定額税は存在しないので、ある程度歪みを齎す税(インセンティブに影響を与える税)を用いなくてはならない。これは、減税は租税の平坦化を侵害することを意味する。最善の政策は、税の歪みを一貫してキープすることだと考えられている。ある年で税率10%、他の年で税率50%とするよりも、税率30%をキープする方が好ましい。したがって、所得税減税(後には増税を行う)で消費ギャップを満たすのにはコストがある。より多くの減税が貯蓄に回されるほど、そうしたコストは大きくなる。こうしたコストのせいで消費ギャップを満たすのをやめるという可能性は極めて低い。なぜなら、失業コストはそうした不公平な税の歪みよりもはるかに重要だからだ。しかしながら、コストの存在により、実質金利変更のようなファーストベストの政策とはかけ離れたものとなる。

対照的に、あらゆる需要ギャップ埋め合わせにおいての公共支出の利用は、はるかに直截的だ。その需要面での影響と雇用面での影響が比較的予想しやすいからだ。しかし、それにもコストがある: CとGのバランスが崩れるのだ(Cに比してGが過剰になる)。Chris Houseの最近のエントリは、代替的財政刺激手段としての減税と政府支出の対立を扱っている(ノア・スミスがそれに続いてエントリを書き 、Chrisはそれに反応している )。彼の提案によれば、政府支出は、その社会的便益が社会的コストを上回るときにのみ刺激手段として用いるべきなのだという。
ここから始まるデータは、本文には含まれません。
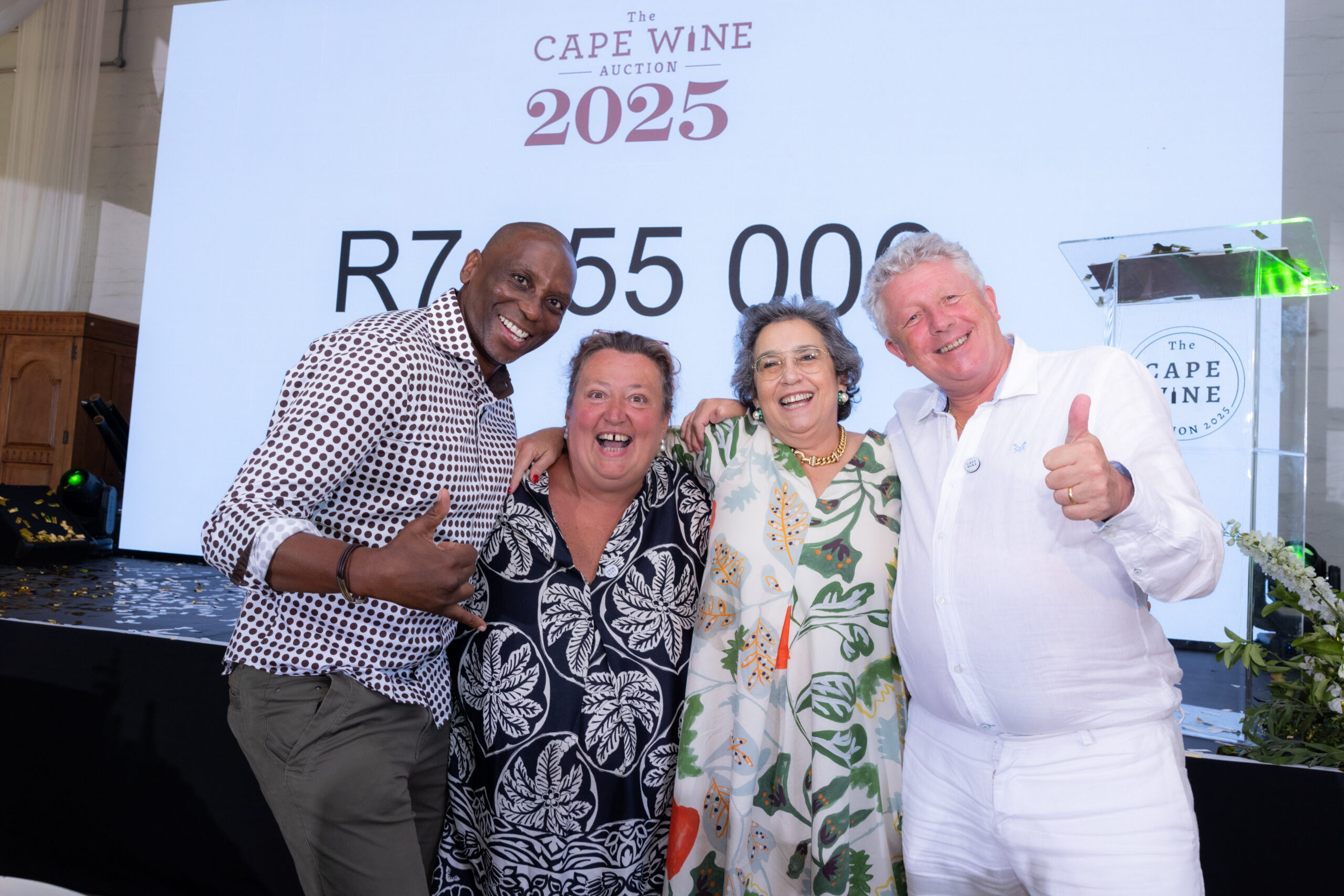 Cape Wine Auction Celebration 2024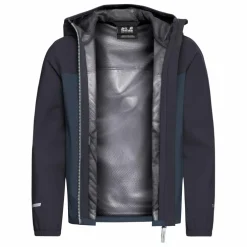 Jack Wolfskin ADVENTURETRIBE 2L JKT K Kinder - Regenjacke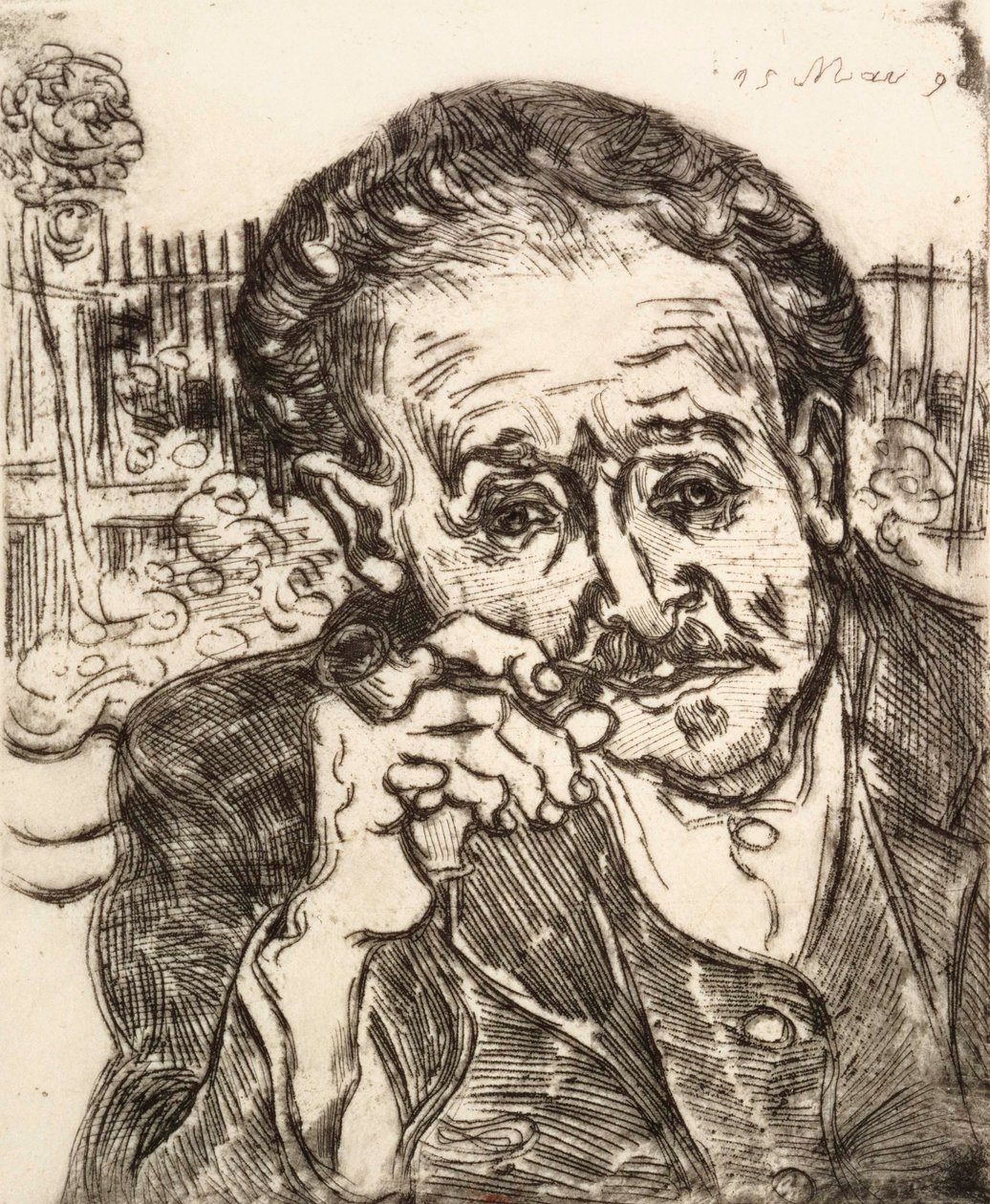 Dr. Gachet by Vincent van Gogh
私はそうした考えがこの問題を考えるにあたって大して有用とは思われない。私の考えでは、もっと良い考えは、需要ギャップは必ず埋め合わせられないといけないということを受け入れて(なぜなら、何もしないことのコストは極めて大きいからだ)、付帯的損害を最小化する方法を見つけ出すという事だ。それは減税ではなく、Gの追加だろう。もし財政刺激のサイズに資金的制約があるなら、そのことはほぼ確実だ。

同じような論理が、非伝統的金融政策についても当てはまるが、そのことについては別のエントリで論じよう。